Back in the day, LANL, among other things, did a lot of work on solar thermal (see, Balcomb, et. al.). That later mostly morphed into NREL.

Also, being about the best solar climate in the U.S., the area attracted a lot of solar advocates (and more than a few '60's burnouts it seems to me). Put those together and the result is a lot of residential solar installs, some well designed and engineered, some of them sort of proof of design things, some closer to wet dream redneck engineering. But all that seems to be part of what makes the Land of Enchantment what it is. Of the systems that worked, the passive designs seem to have stood the test of time better than the more mechanically complicated ones.

It's a small world. I live in Los Alamos, my wife is the brains of the family and is doing a postdoc at LANL. Some amazing places to see up here. I've got some pics of double rainbows at the caldera from this last fall.

Thanks for that detailed description.

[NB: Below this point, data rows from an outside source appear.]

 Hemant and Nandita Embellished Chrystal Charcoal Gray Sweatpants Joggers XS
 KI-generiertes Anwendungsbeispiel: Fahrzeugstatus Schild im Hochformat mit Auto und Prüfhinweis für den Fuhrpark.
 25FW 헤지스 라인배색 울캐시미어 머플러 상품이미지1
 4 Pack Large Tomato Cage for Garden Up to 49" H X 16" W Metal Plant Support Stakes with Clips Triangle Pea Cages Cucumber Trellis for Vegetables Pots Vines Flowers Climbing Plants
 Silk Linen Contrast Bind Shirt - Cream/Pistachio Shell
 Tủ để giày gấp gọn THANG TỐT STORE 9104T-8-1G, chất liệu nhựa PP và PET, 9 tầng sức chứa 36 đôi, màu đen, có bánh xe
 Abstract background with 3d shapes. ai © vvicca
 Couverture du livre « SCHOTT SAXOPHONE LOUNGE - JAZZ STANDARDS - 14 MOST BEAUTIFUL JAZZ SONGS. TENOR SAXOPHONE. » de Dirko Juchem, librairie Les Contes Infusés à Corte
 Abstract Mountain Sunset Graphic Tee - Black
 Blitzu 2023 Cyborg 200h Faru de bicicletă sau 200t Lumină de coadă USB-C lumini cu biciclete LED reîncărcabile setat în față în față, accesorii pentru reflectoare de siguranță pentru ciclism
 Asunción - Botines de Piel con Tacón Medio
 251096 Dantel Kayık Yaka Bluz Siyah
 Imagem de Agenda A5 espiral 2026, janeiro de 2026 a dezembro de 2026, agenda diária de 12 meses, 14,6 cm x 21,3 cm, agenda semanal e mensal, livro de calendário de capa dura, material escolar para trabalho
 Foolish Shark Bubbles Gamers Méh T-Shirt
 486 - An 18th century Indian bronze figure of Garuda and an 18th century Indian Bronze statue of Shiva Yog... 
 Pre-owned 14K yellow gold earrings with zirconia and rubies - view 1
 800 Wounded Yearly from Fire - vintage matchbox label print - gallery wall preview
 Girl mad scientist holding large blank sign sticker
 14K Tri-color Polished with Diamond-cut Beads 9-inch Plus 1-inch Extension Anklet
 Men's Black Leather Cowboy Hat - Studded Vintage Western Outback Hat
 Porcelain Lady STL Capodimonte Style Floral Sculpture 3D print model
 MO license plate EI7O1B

Might be a little advanced procedure for me at the moment, though

You sure can and it's not as conceptually difficult as it is a PITA in a practical sense, but possible. I've done it many times.

Unfortunately or otherwise, you'll need more than temp. differentials to est. system efficiency, but you're on the right trail. You can get a lot of useful information with two thermometers and a way to measure flow rates. However, getting a reasonable estimate of the energy input (the solar energy) is usually a challenge, depending on how much accuracy you want. Without some appreciation of how that input is calculated and how it changes, even before talking about clouds and atmospheric variation, most guesses about irradiance are useless and misleading.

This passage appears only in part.